Одну из главных и характерных черт советского мировосприятия Степун справедливо признавал «предельным насилием над инакомыслием». «Самая страшная сущность враждебного нам большевизма, – писал он, – заключается в том, что он не понимает инакомыслящих, что он отрицает диалог, дискуссию, свободу мнения, а потому (в качестве институционного закрепления всего этого) демократию и парламентаризм»[101]
.Степун писал о необходимости перевоспитания человеческих душ, о создании новой душевной структуры и формировании новой психологии. «Организуйте свою духовную личность… – обращалась редакция журнала «Новый град» к эмигрантской молодежи. – От вас ждет Россия, чтобы вы принесли с собой огонь веры в мир безбожия, оружие знания в страну полузнайства и технически обученного варварства и, наконец, уважение к свободе и достоинству человека – в землю рабства и насилия над человеком»[102]

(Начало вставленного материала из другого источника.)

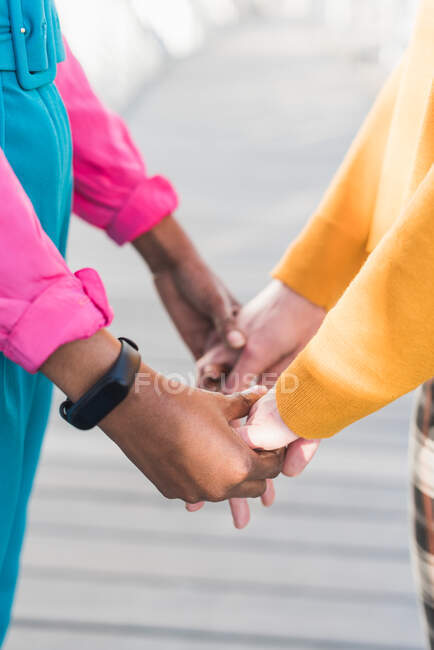 Crop coppia multietnica irriconoscibile di femmine lesbiche che si tengono per mano in città — Foto stock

. В эмигрантской молодежи, воспитанной на основах христианского сознания, на идее религиозной апологии свободы, новоградцы видели «дополнение» к внутрирусской молодежи; в единстве они будут способны к перерождению человеческого типа, к перестройке духовной личности, к возрождению России.Новоградцы стремились исторически осмыслить идею свободы, понять ее первоначальный смысл и процесс ее трансформации. «Какую бы идею мы ни взяли, – писал Степун, – нам будет нетрудно установить, что на заре своих дней она мирно сосуществовала с идеями, впоследствии глубоко враждебными ей». Так, формула Великой французской революции «Свобода, равенство и братство», по свидетельству Степуна, есть типичный пример «райской примиренности враждебных друг другу идей». Трудность ее реализации «в грешном историческом мире» была доказана самой революцией – отменой христианско-средневековой идеи братства. Степун идею братства считал более сектантской, чем революционной.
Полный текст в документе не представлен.